> _ASSIGNMENT_:
Below are records with pictures. Reproduce exactly the lines from the line with "A third window" to the line with "I'm excited to", inclusive, and leave each picture out.

(EXCERPTED RECORDS Opens)

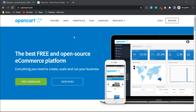Today we are going to install OpenCart 4, then install VQ Mode on OpenCart 4, and then fix the tweak issue in OpenCart VQ Mode.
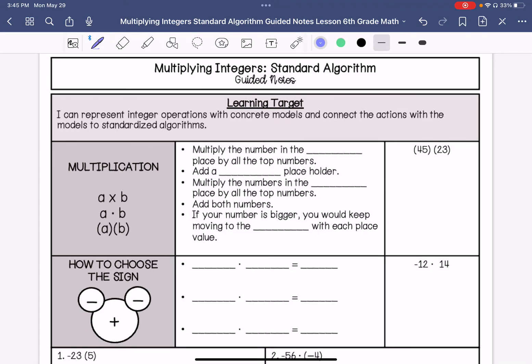This is multiplying integers using the standard algorithm. This is the multiplication we are most familiar with. We have multiplied using the chip model and the number line model, and now we are going to connect those models to the standard algorithm.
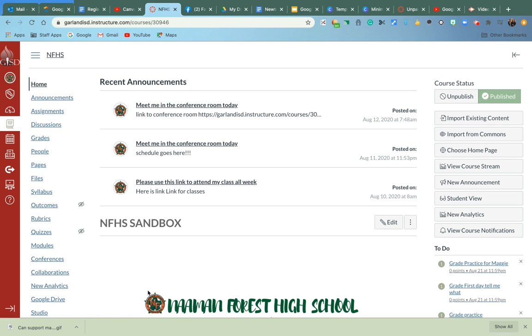So this is how you will use the Rich Text Editor to embed an assignment, an announcement, whatever you need.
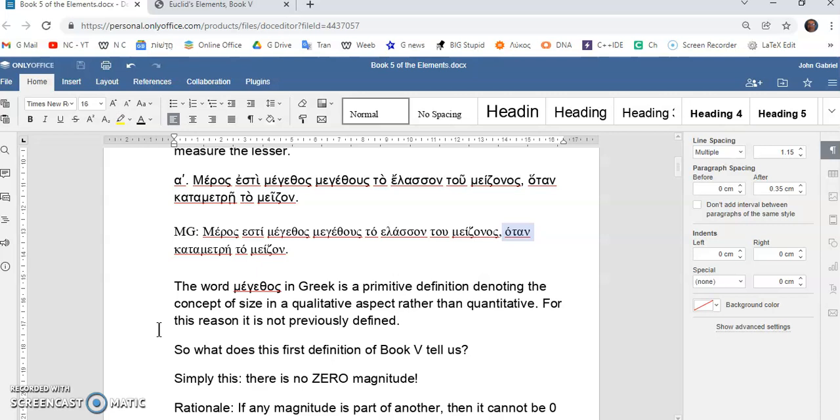I believe that in ancient Greece, I'm convinced that in ancient Greece, everybody knew what meathos meant. Okay? It was almost as common as the word size is today. So, what does this first definition tell us of book five?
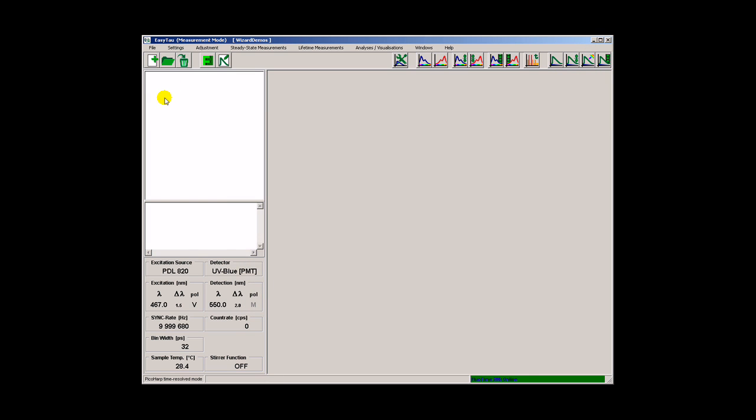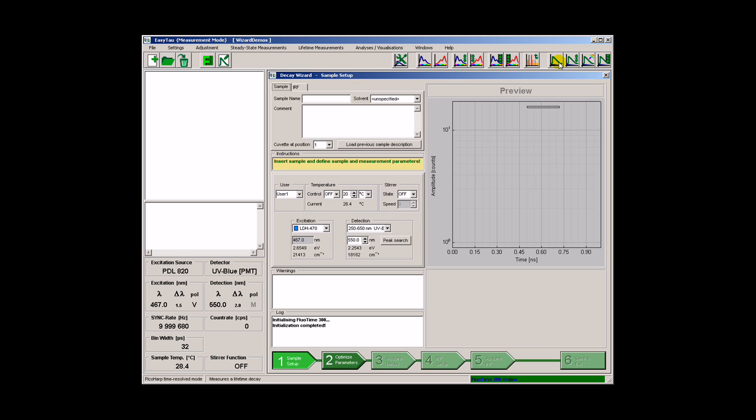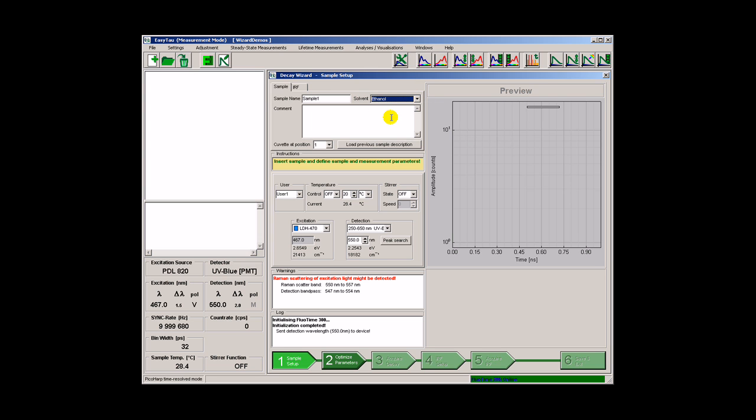We start with an empty workspace and call the appropriate wizard. In the first step one has to define some basic experimental conditions. Let's describe the sample, pick a solvent, choose a username. It is possible to set the sample temperature or to start the stirrer if necessary.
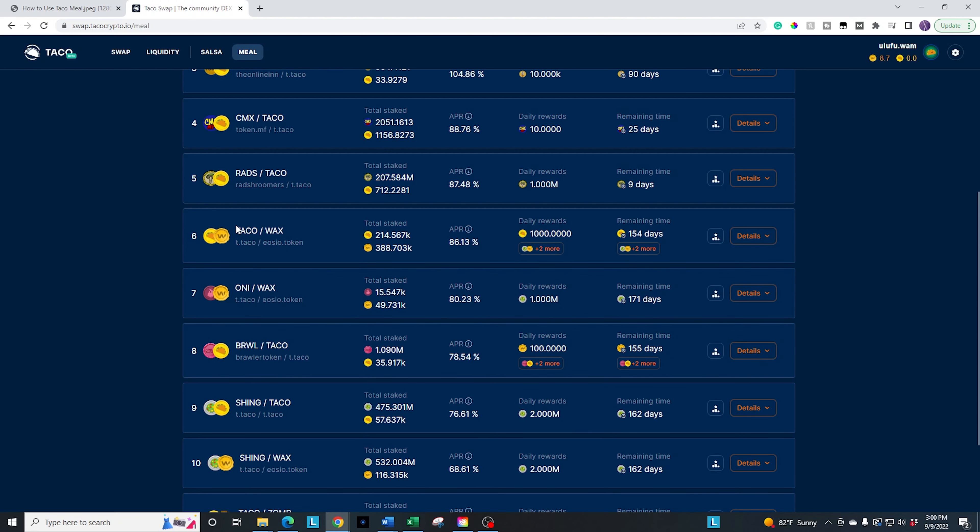Similar to the salsa side, you have the two tokens that you're going to be staking, the current staked amount in the liquidity pool. So you have 214,000 taco and you have 388,000 wax, the current APR, the daily distribution. So basically what happens is every day, 1,000 taco is going to be distributed based on the size of the pool share that you have, which will determine how much you get.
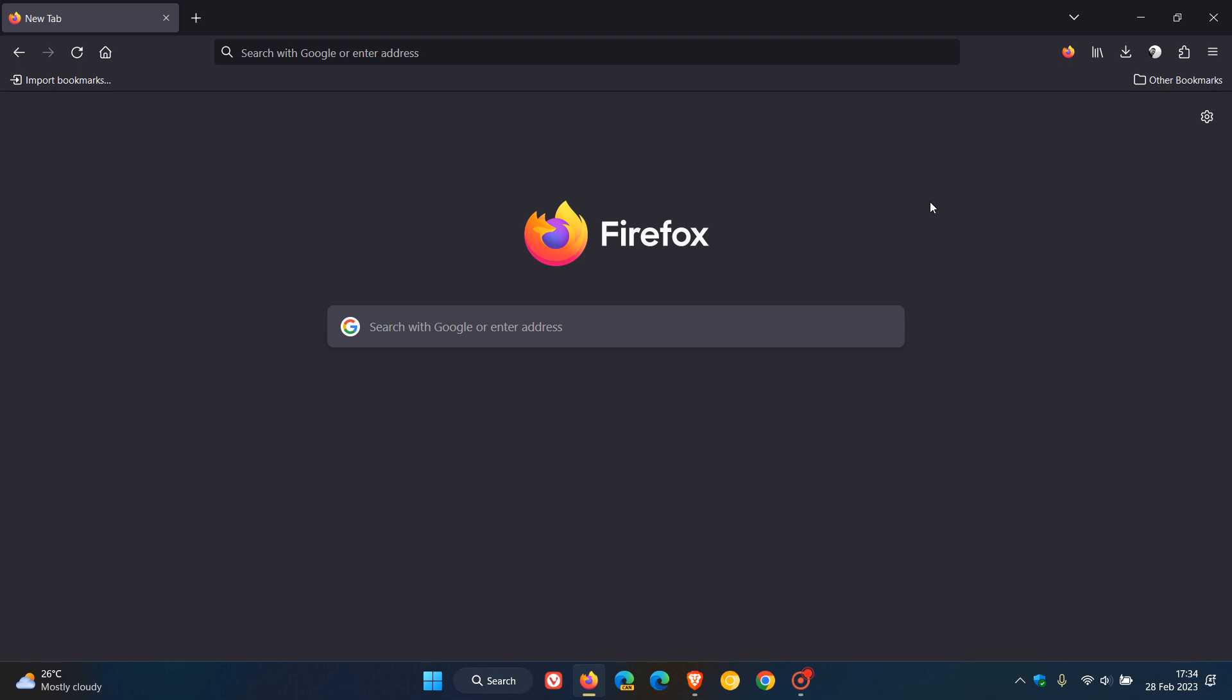That's it. That's the latest point release, taking the browser to version 110.0.1, which is a non-security update fixing five issues in the Firefox web browser. Thanks for watching and I'll see you in the next one.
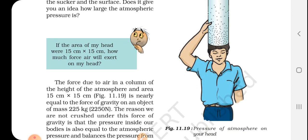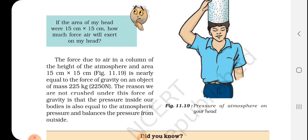Figure 11.19 shows the pressure of the atmosphere on your head. The force due to air in a column of the height of the atmosphere and area 15 cm × 15 cm is nearly equal to the force of gravity on an object of mass 225 kg. The reason we are not crushed under this force is that the pressure inside our bodies is also equal to the atmospheric pressure and balances the pressure from outside.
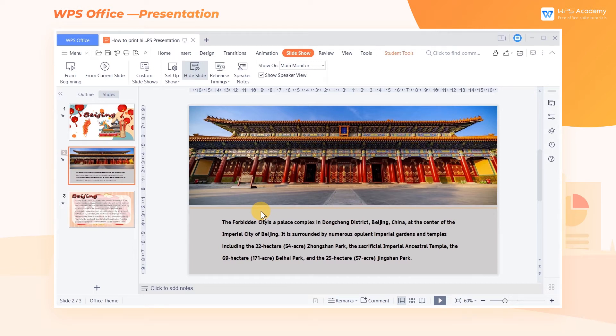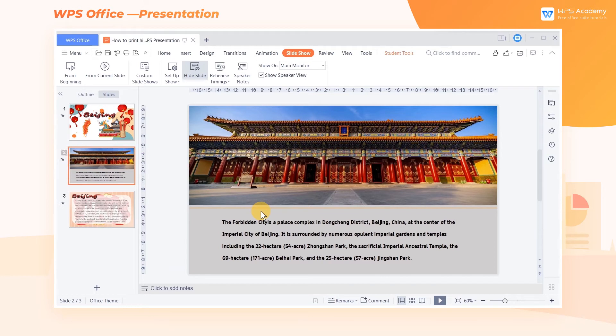Take this slide as an example. In the thumbnail on the left of the screen, you can see a small delete icon at the slide page number, indicating the slide is hidden.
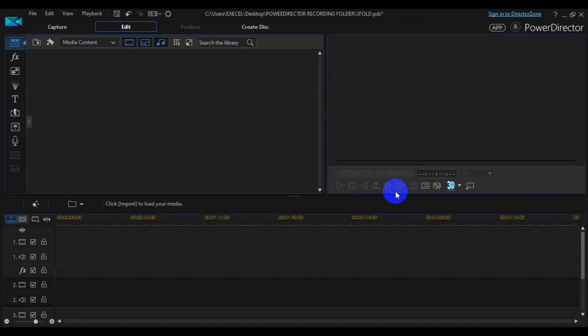Welcome to my channel Laser Graphics. In this Power Director tutorial we're going to talk about importing media files into the timeline and how you can import the right file format — whether MP4, MP3, JPEG, PNG, or whatever file format — into the workspace in Power Director software.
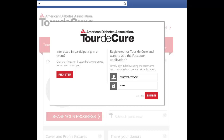You may be asked at this juncture to log in to your Tour de Cure. Please make sure that you use the same username and password that you did to register.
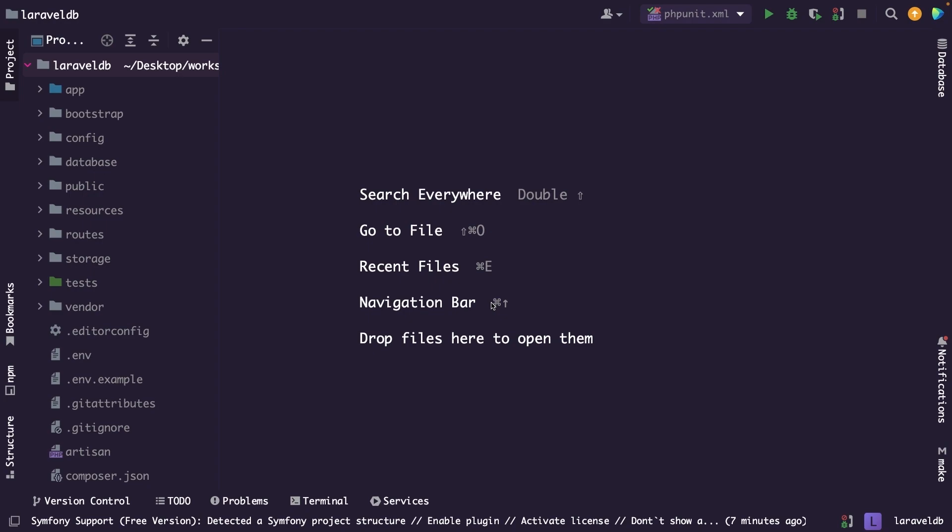First, it reduces code duplication and improves maintainability. It allows for more flexible database schemas and makes it easier to handle database queries and joins.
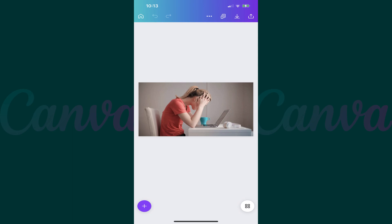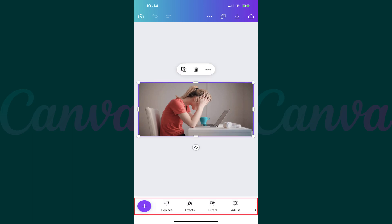Step 1. Open the Canva app, and then open the image you want to flip. Step 2. Tap the image. You'll see a menu displayed at the bottom of the screen with options associated with editing that specific image.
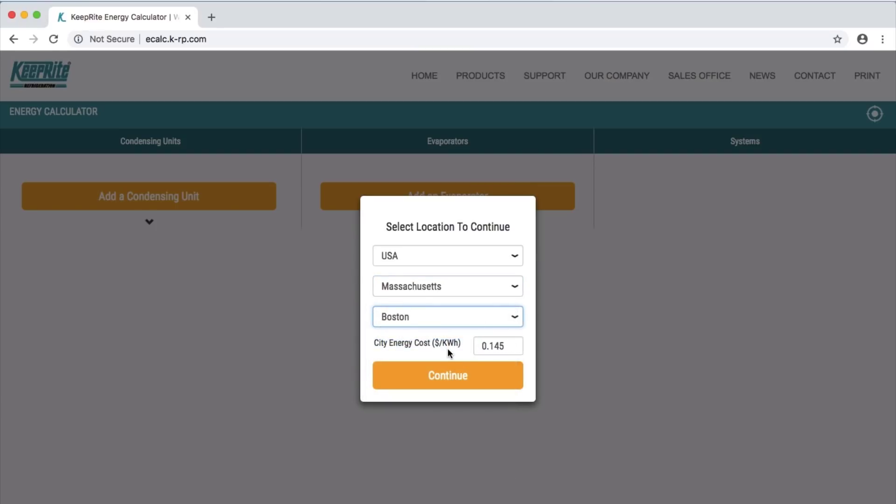You will then see that city's energy cost. This field can be edited if needed. Then click Continue.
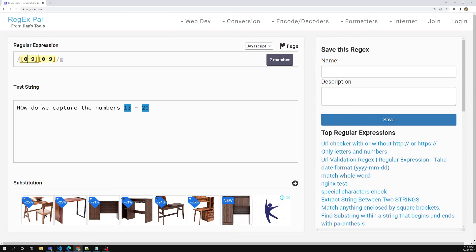This is all about the range of character sets in regular expressions. Hope you understood. If you have any doubts or suggestions, please post in the comments below. If you like this video, please support me by subscribing to my channel. Thank you.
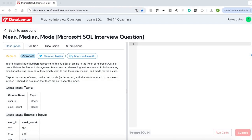Hello everyone. In this video we are going to see an interesting SQL interview question. The question is: you are given a list of numbers representing the number of emails in the inbox of Microsoft Outlook users. Before the product management team can start developing features related to bulk deleting emails or archiving inbox zero, they simply wanted to find mean, median and mode for the emails. Display the output of mean, median and mode with the mean rounded to the nearest integer.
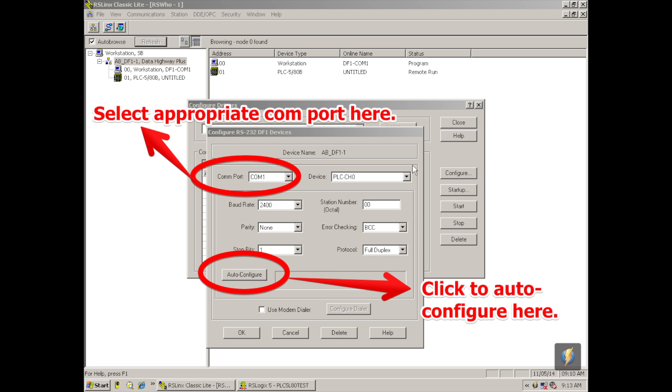A third window pops open, it says Configure RS232 Devices, my type of device. It's a cheat button we use, but before we employ anything here, you want to make sure that you have the right COM port selected for the COM port that you're using on your computer. I'm using COM1, so I've selected COM1, it's the appropriate choice, and I'm going to hit Auto Configure.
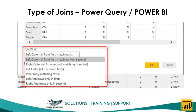In today's session, today's webinar, we will be discussing about the types of joins available in Power Query and Power BI. We have six different kinds of joins available. As you can see on my screen, you have the left outer join — the left outer sees all from first, matching from second.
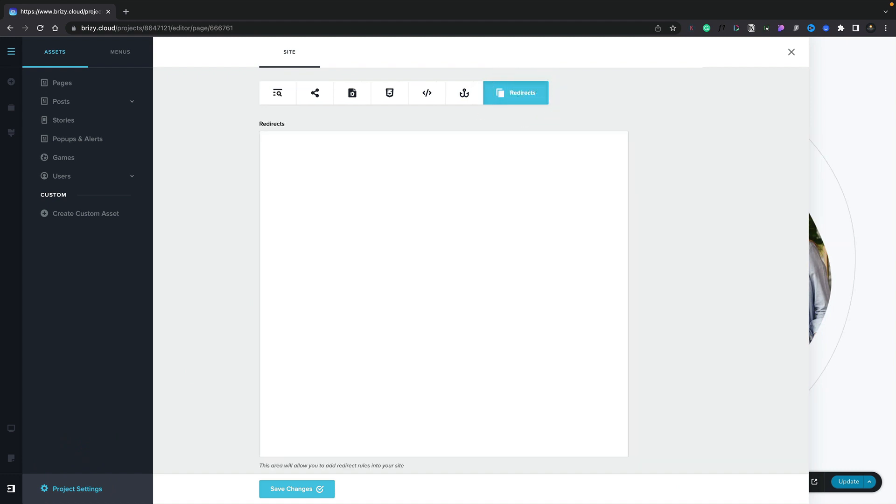We'll select that, and now we can go ahead and set redirects. Let me just insert a couple of redirects just to show you an example.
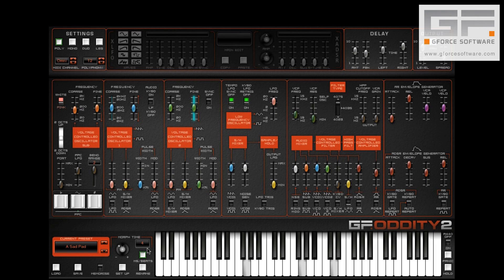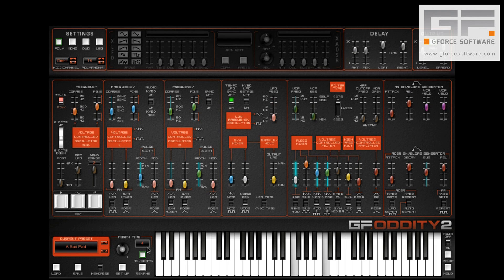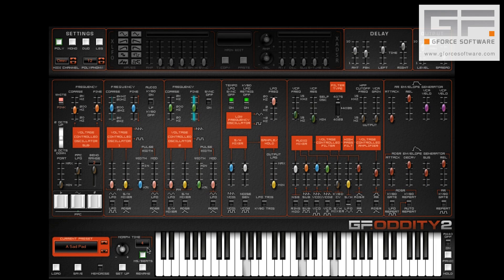Note that any morph time you may have set is disabled upon a program change command. This means that you can instantly change presets via the program change method, but still leave your morph time set for manual on-the-fly morphs during a performance.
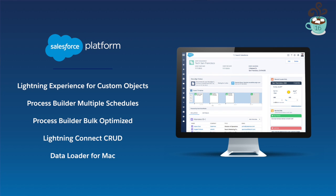I'm excited to show you our top five new features for the Salesforce One platform that will help you engage customers with apps. The Lightning Experience for Custom Objects, Process Builder Multiple Schedules, Process Builder Bulk Optimized, Lightning Connect CRUD, and Data Loader from Mac. Let's get started.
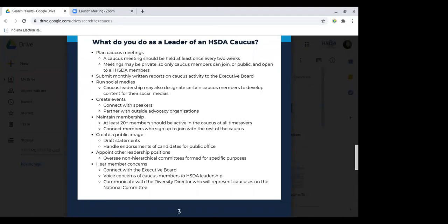Another big thing that is new this year is caucus leadership will be expected to submit monthly written reports on caucus activity to the executive board. This isn't super formal — just a short update on what your caucus has been up to and if you need anything from the national board, just to make sure that everyone is staying active. Outside of that, caucus leadership has to maintain at least 20 active members in the caucus at all times, and then creating events and running social media — all of the normal day-to-day jobs of caucus leaders.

(EXCERPTED RECORDS Closes)

> _EXERCISE OUTPUT_:
A third window pops open, it says Configure RS232 Devices, my type of device. It's a cheat button we use, but before we employ anything here, you want to make sure that you have the right COM port selected for the COM port that you're using on your computer. I'm using COM1, so I've selected COM1, it's the appropriate choice, and I'm going to hit Auto Configure.
In today's session, today's webinar, we will be discussing about the types of joins available in Power Query and Power BI. We have six different kinds of joins available. As you can see on my screen, you have the left outer join — the left outer sees all from first, matching from second.
We'll select that, and now we can go ahead and set redirects. Let me just insert a couple of redirects just to show you an example.
Note that any morph time you may have set is disabled upon a program change command. This means that you can instantly change presets via the program change method, but still leave your morph time set for manual on-the-fly morphs during a performance.
I'm excited to show you our top five new features for the Salesforce One platform that will help you engage customers with apps. The Lightning Experience for Custom Objects, Process Builder Multiple Schedules, Process Builder Bulk Optimized, Lightning Connect CRUD, and Data Loader from Mac. Let's get started.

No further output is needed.